Date : 22.10.2014 — Vidéo 71 min. — Audio 74 min.

La France des Lumières, dans l’opinion commune, c’est d’abord une monarchie absolue aux fastes fixés depuis Louis XIV, dont la Gazette de France, organe officiel, ne se lasse pas de décrire le déroulement, au gré d’une étiquette immuable. C’est aussi une élite intellectuelle et artistique prestigieuse que l’Europe entière admire et copie. C’est enfin une France très chrétienne, très pratiquante, fortement hiérarchisée, avec à sa tête un épiscopat sourcilleux gardien de l’orthodoxie, combattant sans relâche un jansénisme qui n’a plus l’attrait du siècle précédent.

Rien de tout cela n’est faux et en même temps fait écran à une autre réalité, bien différente.

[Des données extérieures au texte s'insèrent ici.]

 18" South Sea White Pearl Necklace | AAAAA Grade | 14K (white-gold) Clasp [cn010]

Car la France du XVIIIᵉ siècle, c’est également le lieu d’une incessante guerre politique, où tous les coups sont permis ; les intrigues s’entrecroisent entre ministres et maîtresses autour d’un roi indolent. Derrière l’immuable cérémonial, des courtisans ambitieux ou qui s’ennuient passent leur temps en commérage et calomnie, l’anonymat autorisant les pires excès langagiers, où le pornographique s’invite à l’occasion.
Quant aux gens de lettres, qui ont si volontiers le mot de tolérance à la bouche, à l’instar de leur maître Voltaire, ils ne cessent de se chamailler, voire de s’invectiver, se traînant allègrement dans la boue.
Enfin il y a beau temps que l’époque des Pascal et des Arnauld est révolue ; le débat théologique, incarné par les Provinciales a fait place à des campagnes de presse, menées pour l’essentiel par la secte janséniste, contre la fameuse Bulle Unigenitus et contre la Compagnie de Jésus. Dans cette lutte à mort, on ne lésine pas sur les moyens. Les jésuites y sont à longueur de textes traités de sodomites, d’assassins des rois, ou pour le moins de prétendre à un despotisme universel.

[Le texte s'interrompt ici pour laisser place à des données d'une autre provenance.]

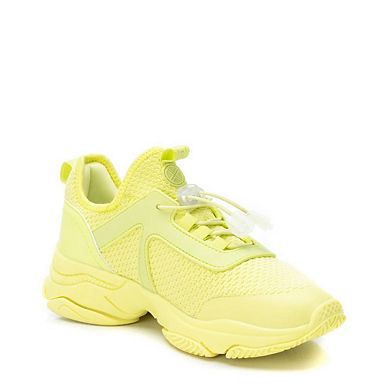 Women's Sneakers By XTI, Yellow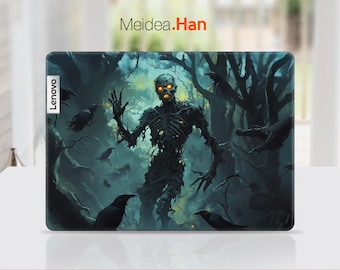 Yoga Skin Lenovo Accessorie Laptop Decal Sticker Brithday Gift Game Style Slightly Horror Design for Legion Yoga Thinkpad Thinkbook Ideapad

Un flot incessant de poèmes satiriques, en général courts et toujours anonymes, qu’une police dépassée tente en vain d’endiguer et de réprimer, propose ainsi un regard cru sur les coulisses d’un grand siècle.
Cette source est bien entendu déjà connue et exploitée, mais sans qu’on ait jusqu’à ce jour été en état de prendre pleine conscience de l’importance du phénomène. A cela une évidente raison : ces textes se trouvent partout et nulle part. Transmis de la main à la main, s’apprenant par cœur, souvent chantés, ils ont une existence précaire, ne survivant guère à l’actualité qui leur a donné naissance, à moins qu’ils ne soit recueillis dans une lettre dont on régale un correspondant de province, ou qu’un mémorialiste les recopie, ou enfin qu’ils ne soient soigneusement collectés dans des chansonniers manuscrits par de discrets amateurs.

Le Chansonnier historique du XVIIIᵉ siècle d’Emile Raunié, seule publication sérieuse à rendre compte de ce genre de littérature, avait recueilli en dix volumes, vers 1880, environ 1600 textes. Nous en sommes à 5600, dont plus de la moitié complètement inconnus. Il ne s’y compte certes pas que des chefs-d’œuvre ; certains sont même d’une maladresse insigne, voire d’une rare obscénité ; d’autres en revanche sont fort bien troussés ou d’une grande drôlerie. Quoi qu’il en soit, cet ensemble massif constitue à l’évidence un document historique de premier ordre, disons même une révélation, qu’une censure sourcilleuse s’était employée, sans lésiner sur les moyens répressifs, à masquer aux yeux des contemporains puis de la postérité.